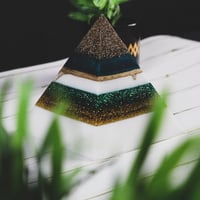 قالب سيليكون شكل هرم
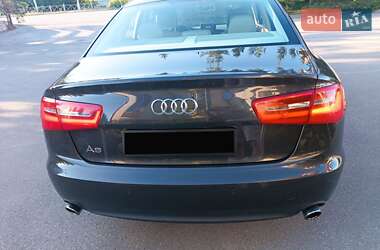Седан Audi A6 2012 в 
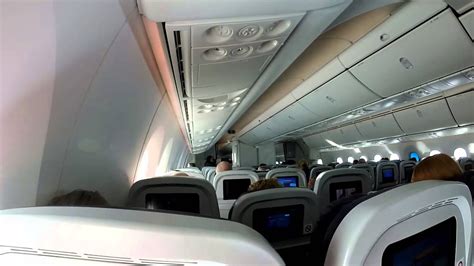 Interior Photo Tour Of Ana39s First Boeing 787 Dreamliner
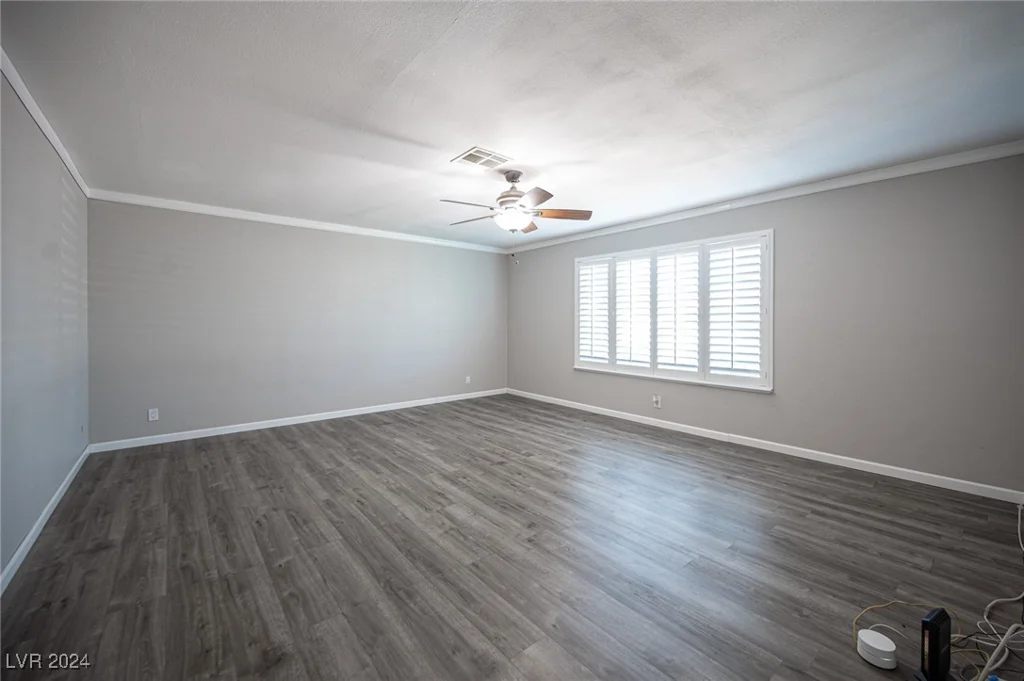 5435 Mountain Vista, Las Vegas, NV 89120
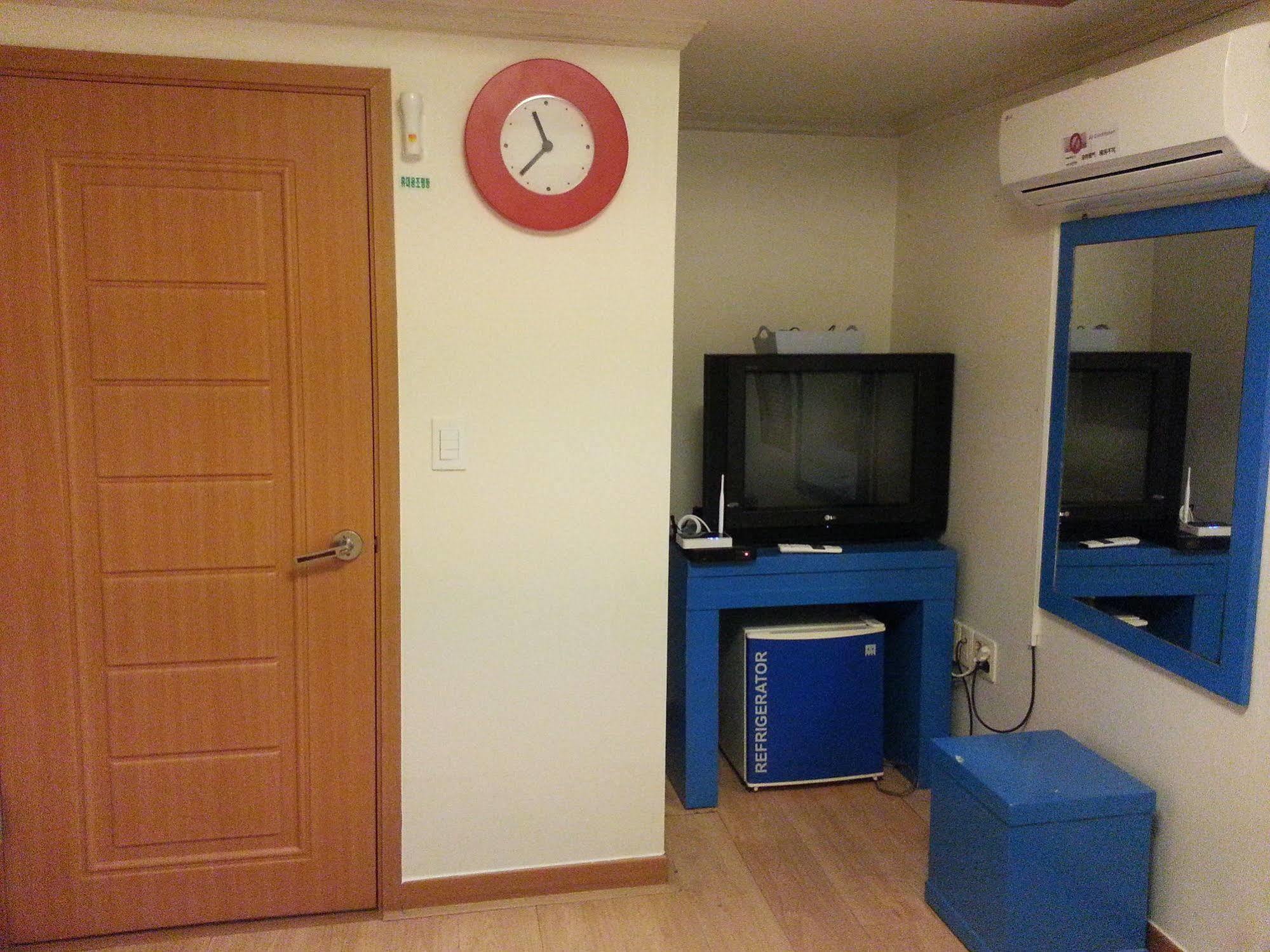 Oppa Hostel Σεούλ Εξωτερικό φωτογραφία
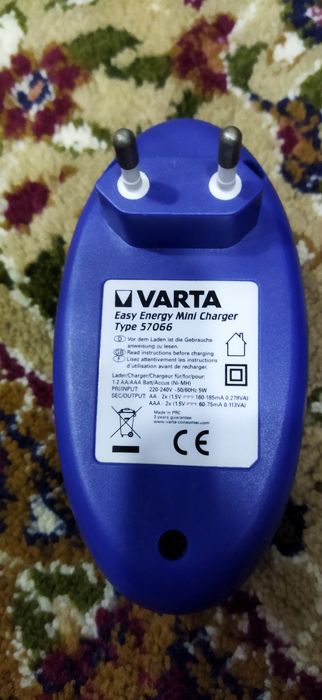 Зарядное устройство пальчиковых батареек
**********
**WORK ORDER**
Reproduce all of the data exactly, omitting each picture it holds.

**RESPONSE TO THE EXERCISE**
 قالب سيليكون شكل هرم
Седан Audi A6 2012 в 
 Interior Photo Tour Of Ana39s First Boeing 787 Dreamliner
 5435 Mountain Vista, Las Vegas, NV 89120
 Oppa Hostel Σεούλ Εξωτερικό φωτογραφία
 Зарядное устройство пальчиковых батареек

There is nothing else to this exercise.